Task to carry out
An exact restatement is required. Cover only the lines of the records from the first through the line with "BEHIND BARS: Two", and skip pictures.

··· Records

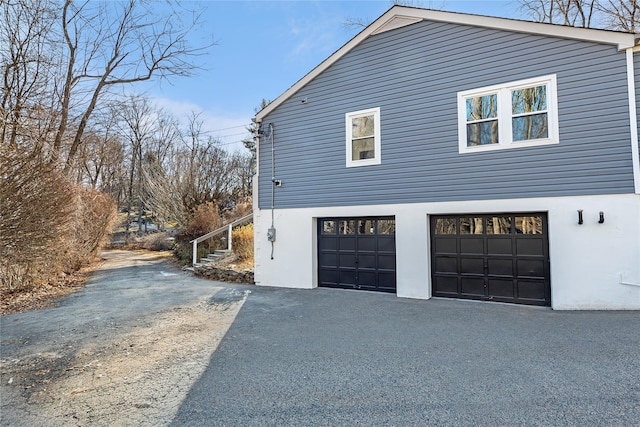 view of side of property with a garage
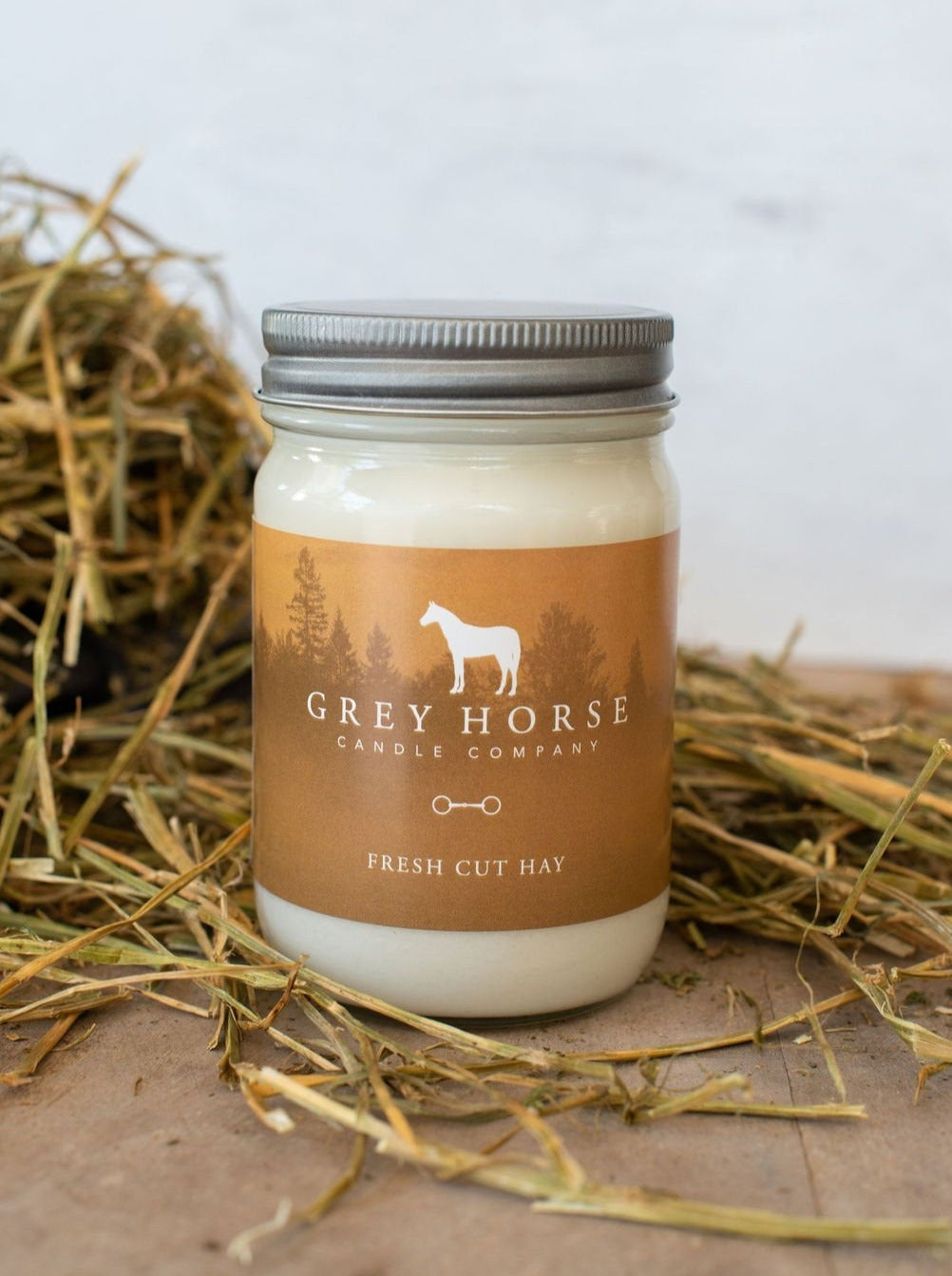 Jar candle with fresh cut hay scent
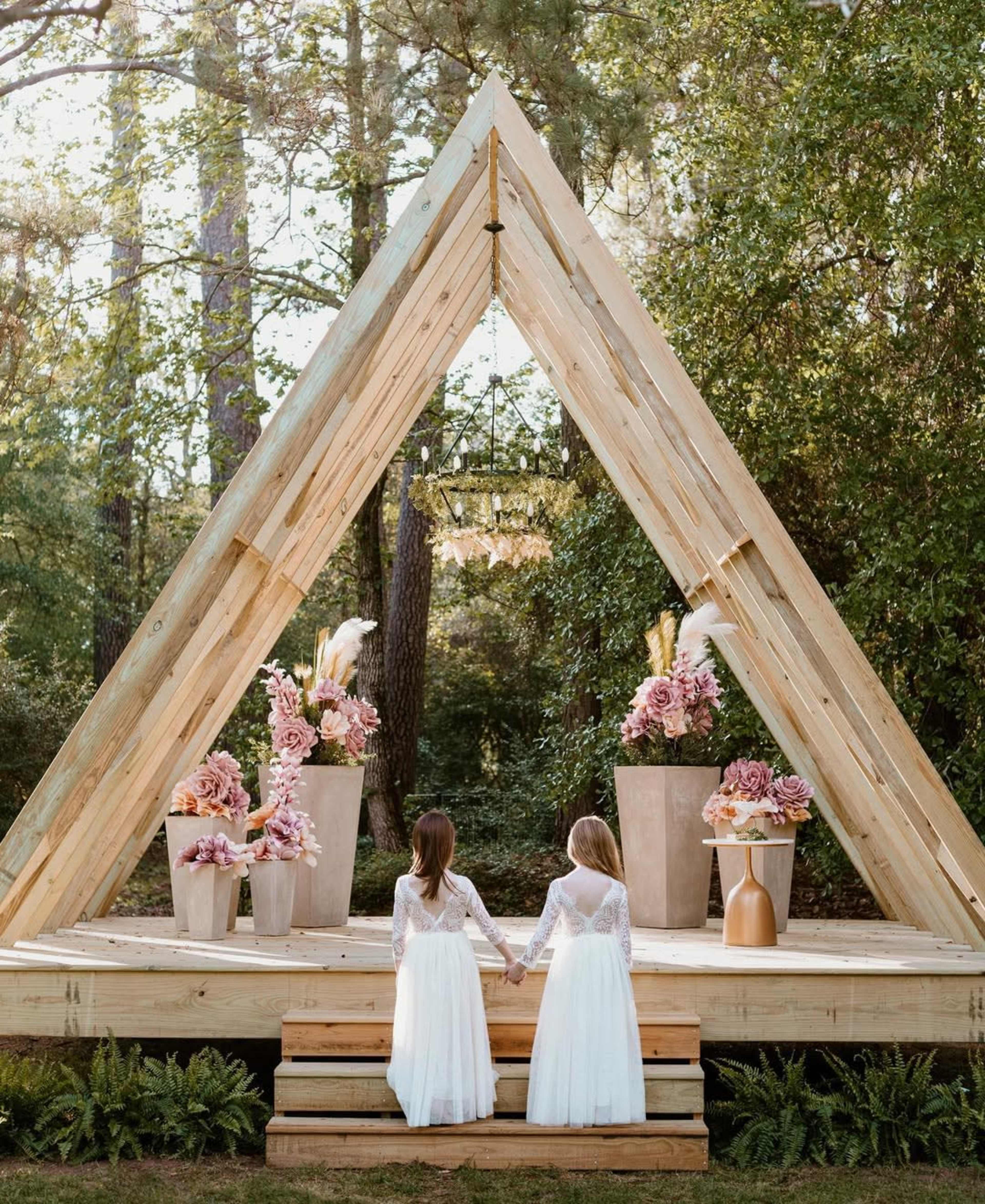 Two girls in white dresses stand hand-in-hand on wooden steps in front of a triangular wooden structure adorned with floral arrangements.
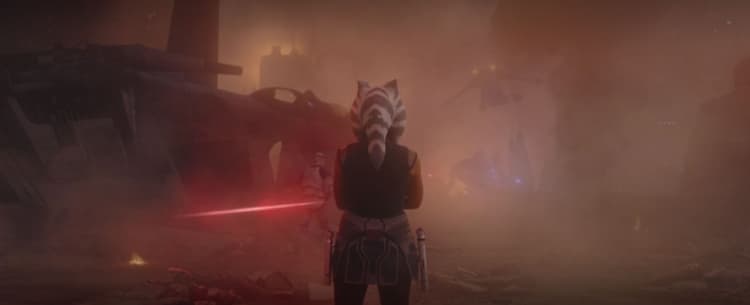 A young Ahsoka surveys the battlefield of Mandalore with her arms crossed as a laser bolt whizzes by her left.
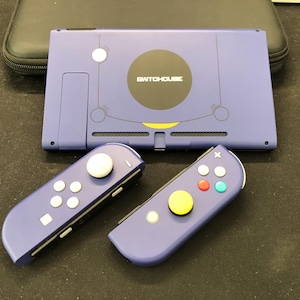 Könnte beinhalten: Eine violette SwitchHouse Nintendo Switch-Konsole mit passenden Controllern. Die Konsole hat einen schwarzen Kreis mit dem Text "SWITCHHOUSE" und einen gelben Akzent. Die Controller haben weiße, rote, grüne und gelbe Knöpfe.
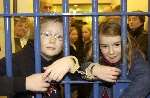 BEHIND BARS: Two of the visitors to the open day Harry and Mimi Davies. Picture: ANDREW WARDLEY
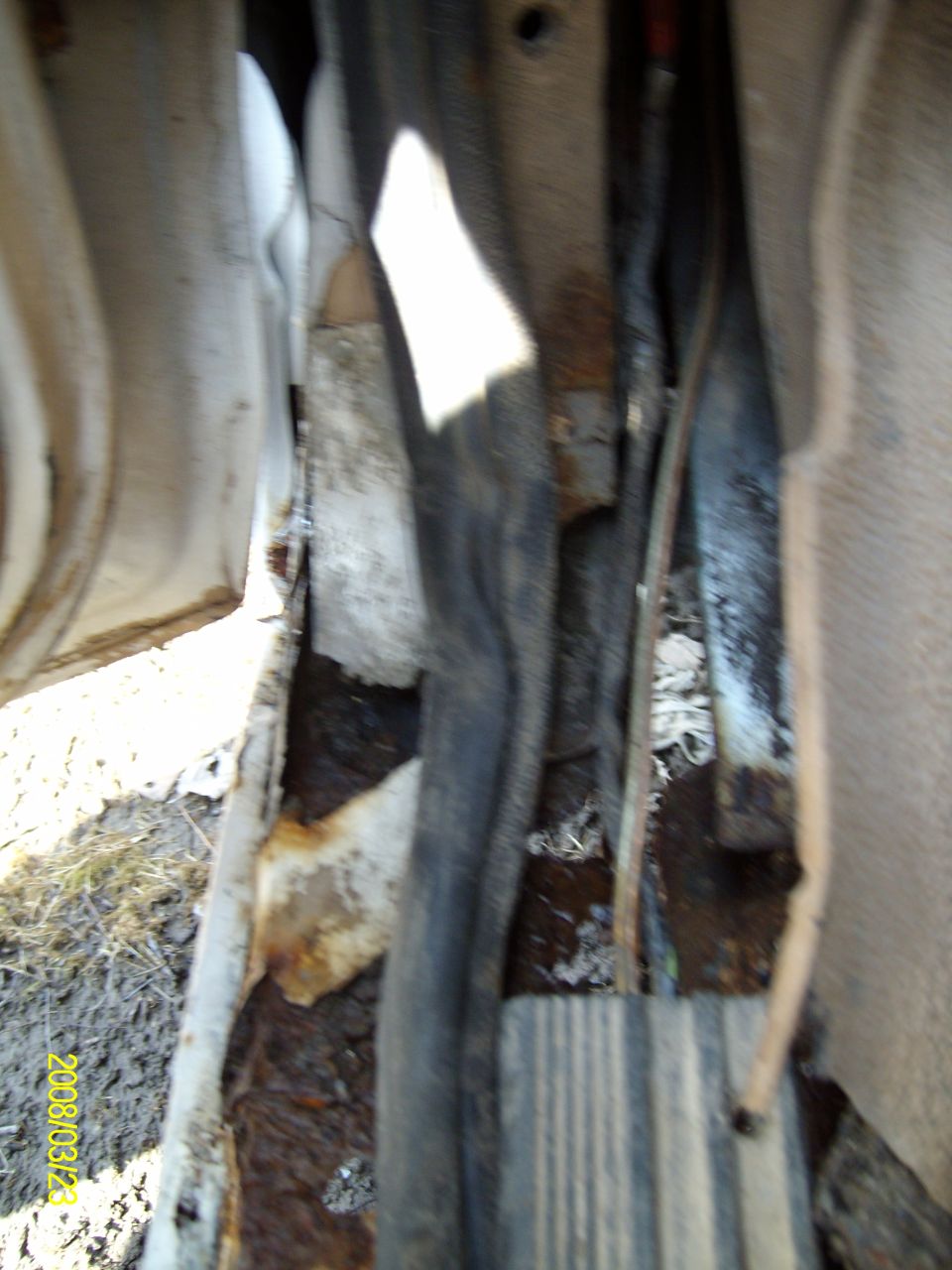 Blurry close-up of rusted-through floor pan and door sill with weatherstrip on a truck, date stamped 2008/03/23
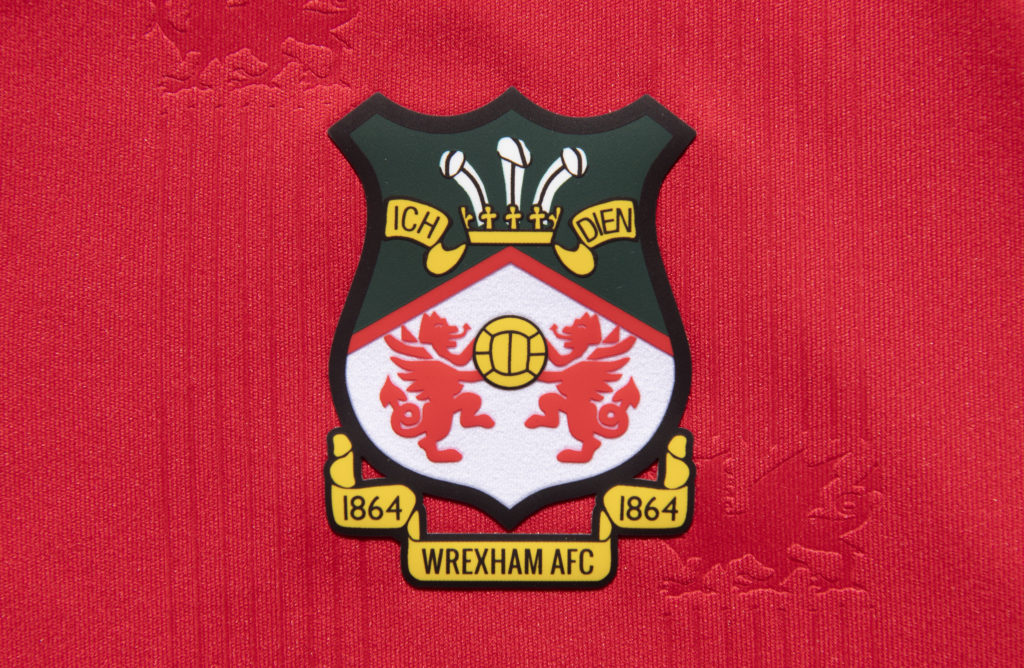 The official club badge of Wrexham AFC on a home shirt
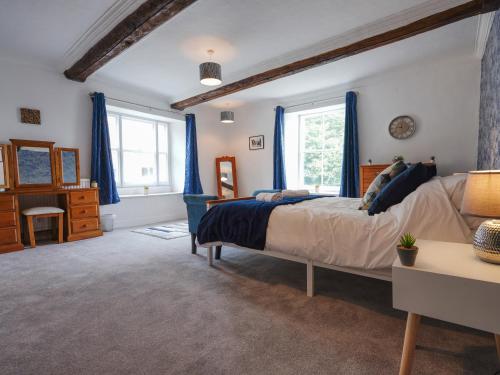 a bedroom with a bed and a dresser and two windows at The Old Bulls Head in Chapel en le Frith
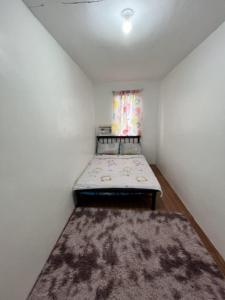 a small room with a bed and a rug at Juriz staycation Place in Santo Tomas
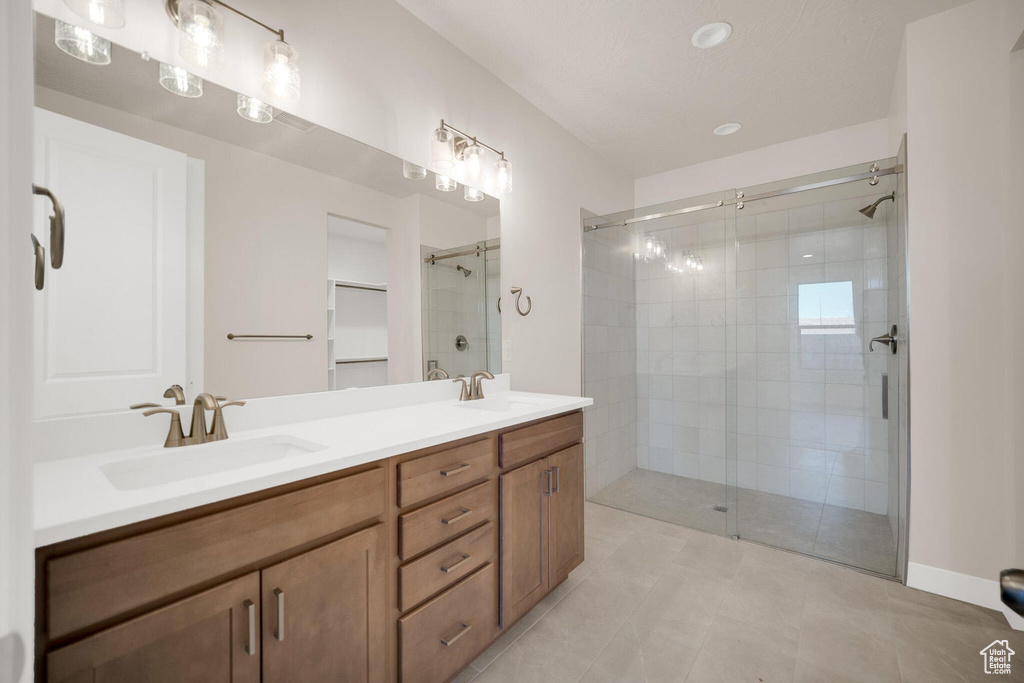 Bathroom with a shower stall, double vanity, and tile patterned floors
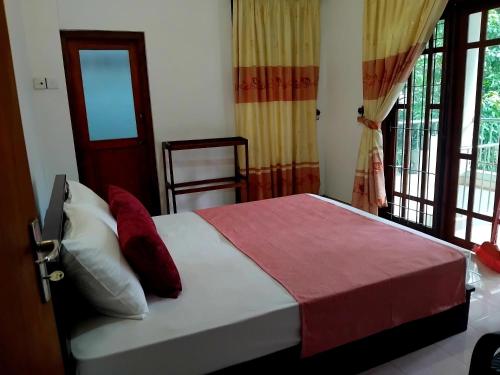 Postel nebo postele na pokoji v ubytování Paradise Residence Hanthana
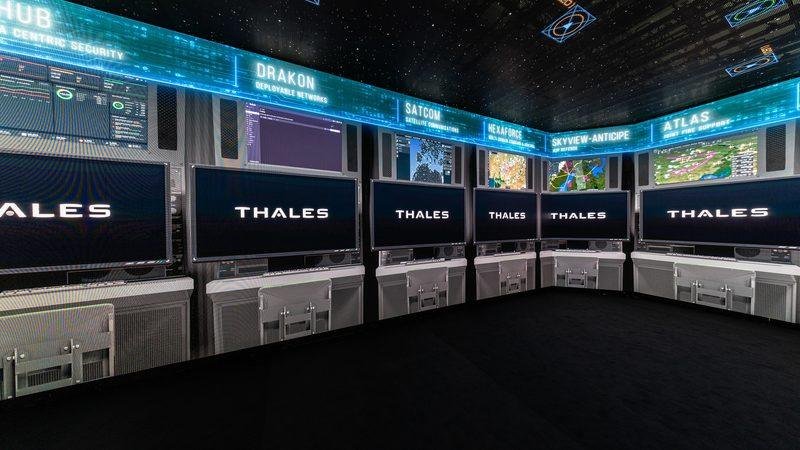 Thales aerospace and defense technology exhibition display with screens showing radar, satellite communications and air-defense systems.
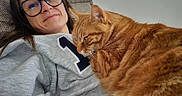 Suko participe au concours pour gagner de l'argent avec cette photo : cat, orange_cat, woman, person, glasses, portrait, selfie, couch, indoors, relaxing, cuddling, pet, furry, tabby, ginger, whiskers, ears, shirt, home, close_up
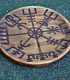 large wooden plate engraved with the Viking symbol of guidance, the Vegvisir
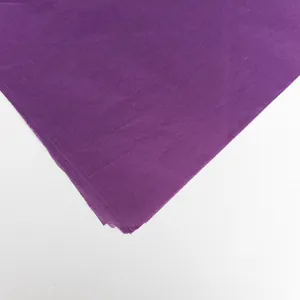 Close-up macro view of purple tissue paper showing fine texture and layered paper edges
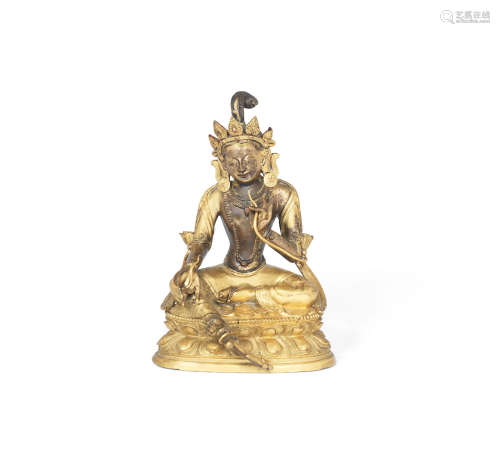 Mongolia or Tibet, 18th/19th century  A parcel-gilt copper alloy figure of Tara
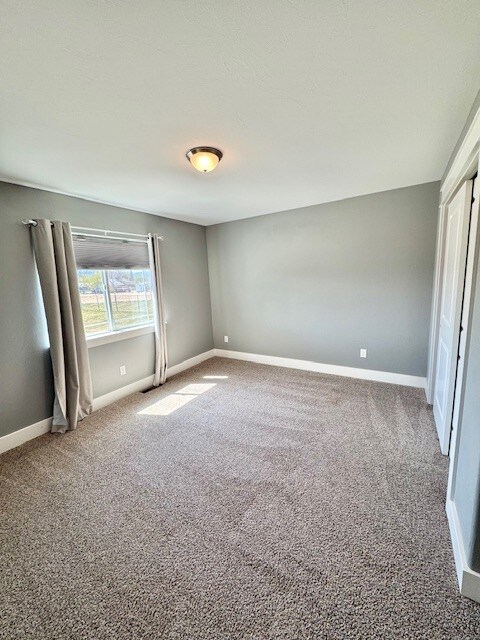 3554 Fasbender Ct, Helena, MT 59602 - unfurnished bedroom featuring carpet and baseboards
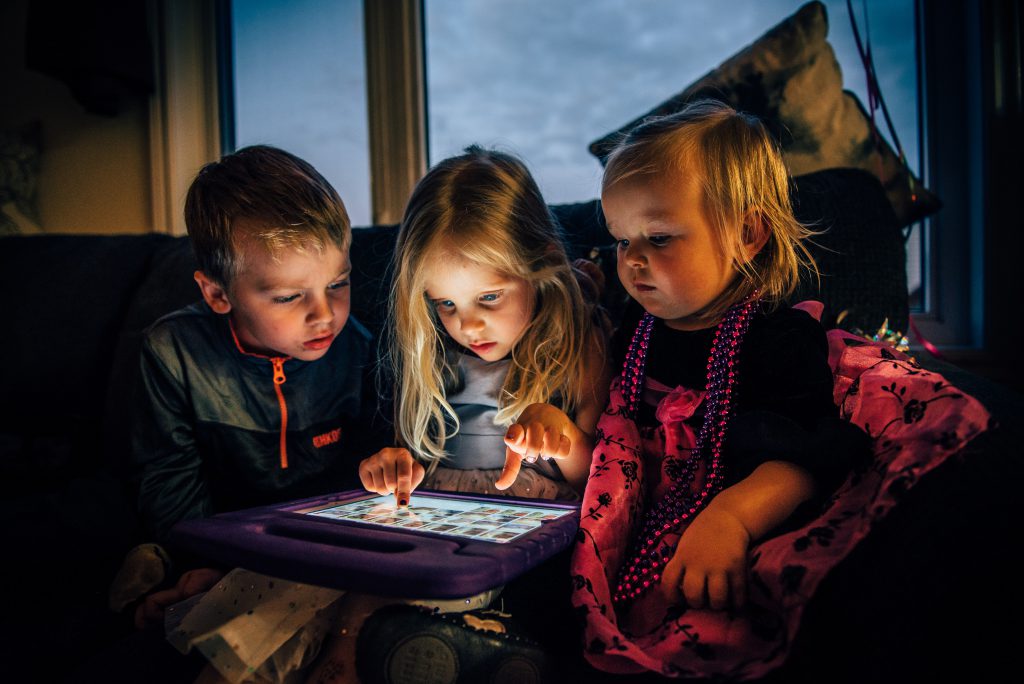 Three children using tablet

······

Exercise answer
 view of side of property with a garage
 Jar candle with fresh cut hay scent
 Two girls in white dresses stand hand-in-hand on wooden steps in front of a triangular wooden structure adorned with floral arrangements.
 A young Ahsoka surveys the battlefield of Mandalore with her arms crossed as a laser bolt whizzes by her left.
 Könnte beinhalten: Eine violette SwitchHouse Nintendo Switch-Konsole mit passenden Controllern. Die Konsole hat einen schwarzen Kreis mit dem Text "SWITCHHOUSE" und einen gelben Akzent. Die Controller haben weiße, rote, grüne und gelbe Knöpfe.
 BEHIND BARS: Two of the visitors to the open day Harry and Mimi Davies. Picture: ANDREW WARDLEY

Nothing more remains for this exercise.